The model keeps Moirai’s patch-based handling of multivariate time series, flattening variates into a causal Transformer sequence, but moves specialization into sparse experts. Each MoE layer routes a token to 2 of 32 experts, so activated compute stays close to dense Moirai at the same size class while total model capacity is much larger.

The paper’s main design bet is that frequency is a weak proxy for temporal structure. The authors show examples where different frequencies have similar patterns, same-frequency series have different patterns, and non-stationarity changes distribution within a short context window.
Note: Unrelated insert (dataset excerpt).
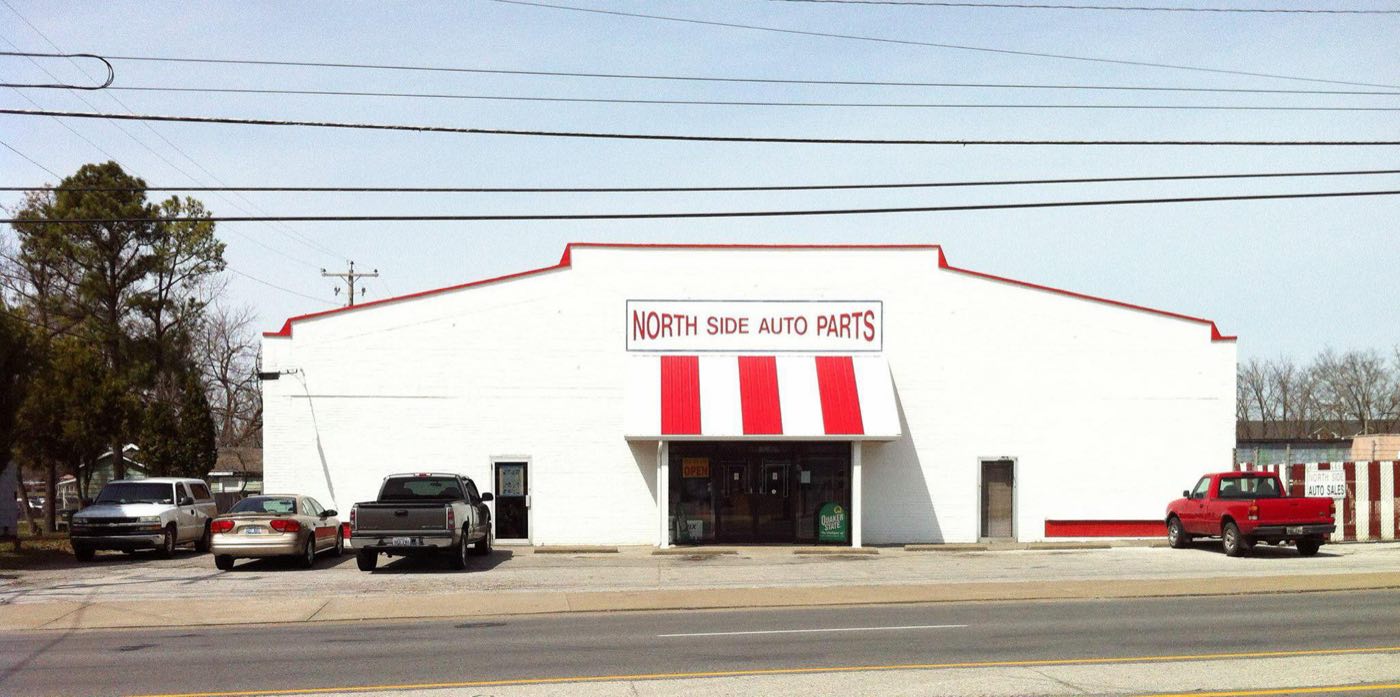 North Side Auto Parts store in Hopkinsville, Kentucky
Moirai-MoE therefore uses a single patch size and projection path, then lets routing adapt at the token level.

Evidence And Results

  • On 29 in-distribution Monash datasets, the paper reports that Moirai-MoE beats the compared Monash baselines, TimesFM, Chronos, and dense Moirai variants on aggregate normalized MAE.
  • The small Moirai-MoE model is reported as 17% better than dense Moirai small on the Monash aggregate, while also outperforming dense Moirai base and large in that setting.
  • On 10 zero-shot datasets outside LOTSA, Moirai-MoE base reports the best average CRPS and MASE among the compared foundation-model and full-shot baselines.
  • Against dense Moirai variants in zero-shot forecasting, Moirai-MoE small reports 3%-14% better CRPS and 8%-16% better MASE while using about 11M activated parameters.
  • Ablations indicate that switching from masked encoder to decoder-only training helps, but the larger gain comes from replacing frequency-level projections with MoE token specialization.
  • Expert analysis suggests that shallow layers use more diverse routing for local and periodic patterns, while deeper layers converge toward more frequency-invariant representations.

Limitations

  • The paper does not introduce an action-conditioned interface, so it does not directly address control, intervention planning, counterfactual simulation, or causal discovery.
  • Total parameter counts are much larger than activated parameter counts, especially for the base model, so memory and serving constraints still matter even when per-token compute is sparse.
  • The strongest comparison is within forecasting; broader time-series understanding, reasoning, classification, and generation tasks require separate evidence.
  • Some expert-routing analyses are based on visualization and aggregate behavior, so they should be treated as mechanistic hypotheses rather than complete explanations.

Open Questions

  • Can Moirai-MoE’s token-level specialization help with high-dimensional telemetry or observability event streams where frequency is less informative than regime, workload, or incident phase?
  • How stable are expert assignments under distribution shift, missingness, and rare interventions?
  • Would sparse expert routing become more useful for world-model-style systems if actions, control inputs, or interventions were encoded as future-conditioning variables?